Nein, das hätte sie wirklich nie gedacht, sagt Merle Brunnée, dass sie mal als Dritte der deutschen Meisterschaften im Marathon dastehen wird. Steht sie aber seit ein paar Tagen. Die Zeit von 2:53:14 Stunden, die sie in München gelaufen ist und die sie eigentlich nur so mittelprächtig findet, steht für die 27-Jährige da im Herbst eines Jahres, das sie so als 17-Jährige nie prognostiziert hätte. Als 17-Jährige hatte sie mit Laufen und Ausdauersport nicht viel am Hut. Sie hat neben der Schule Geige gespielt im Jugendsinfonie-Orchester Bremen-Mitte, hat ein wenig Tennis gespielt beim Bremer HC, hat ein wenig geturnt. Ihre Mutter war die, die das Laufen mochte, aber nur auf den Sprintdistanzen. Marathon? Nein, sei ungesund, habe ihre Mutter immer gesagt, erzählt sie.

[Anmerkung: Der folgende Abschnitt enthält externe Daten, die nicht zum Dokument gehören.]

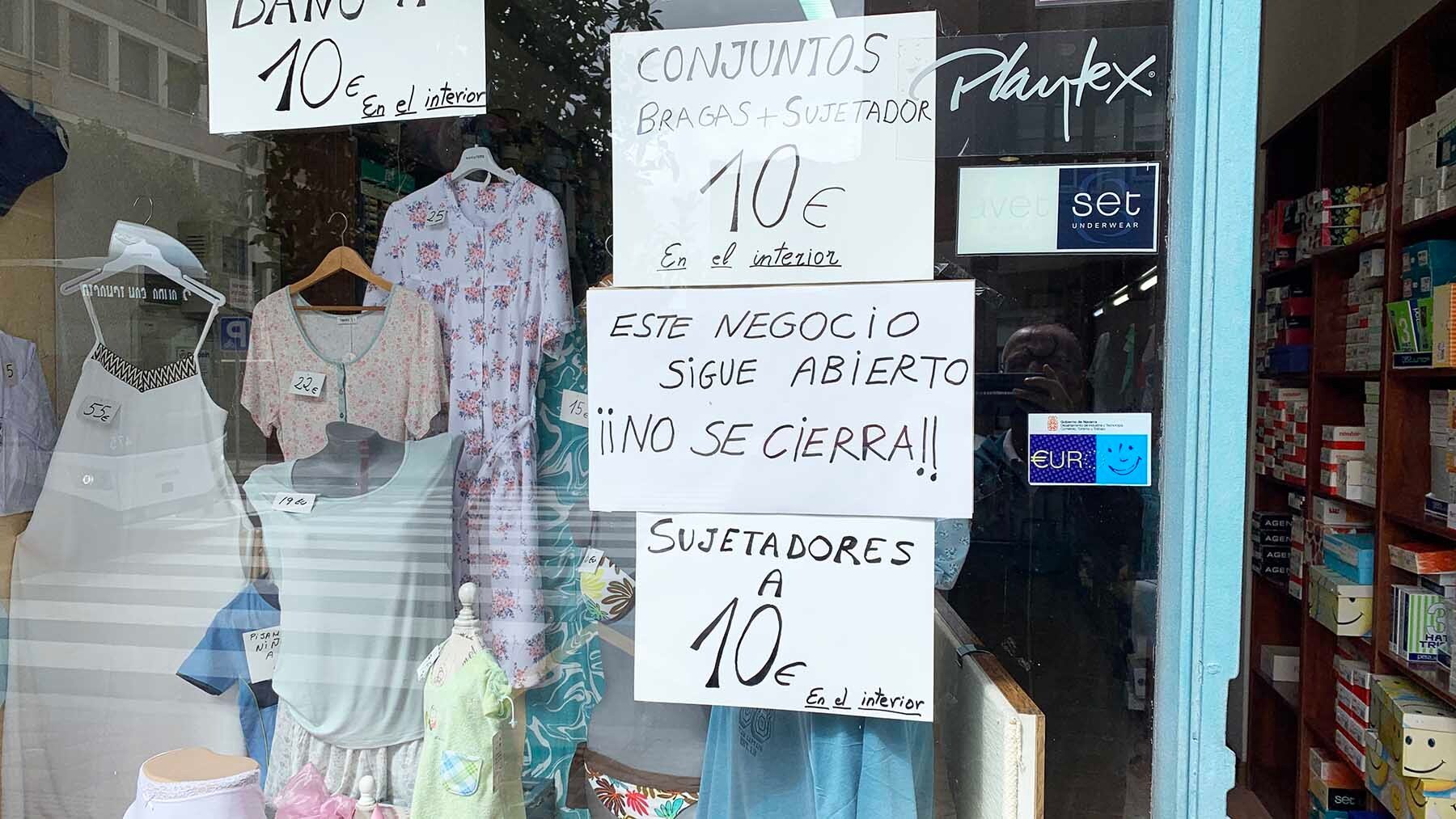 Cartel colocado en la mercería Lezka de Pamplona. Navarra.com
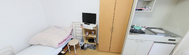 介護施設の個室内部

Das also erzählt eine, die im Jahr 2021 unter anderem Folgendes erreicht hat: Weltmeisterin im Duathlon, Siebte bei deutschen Meisterschaften im Einzelzeitfahren und dann eben noch Dritte der Marathon-Meisterschaften. Nebenher hat sie das quasi erreicht, denn Merle Brunnée hat im Jahr 2021 auch ihr Medizinstudium inklusive Promotion abgeschlossen. Sie ist nun als Neuroradiologin an der Uni-Klinik Heidelberg angestellt. Geboren und aufgewachsen in Bremen, war sie 2013 nach dem Abi zum Studium nach Heidelberg gegangen – und durchlebte dort eine frappierende sportliche Metamorphose. Man ahnt ja nicht, was so alles passieren kann: Das wäre die passende Anmerkung zu ihrem sportlichen Werdegang.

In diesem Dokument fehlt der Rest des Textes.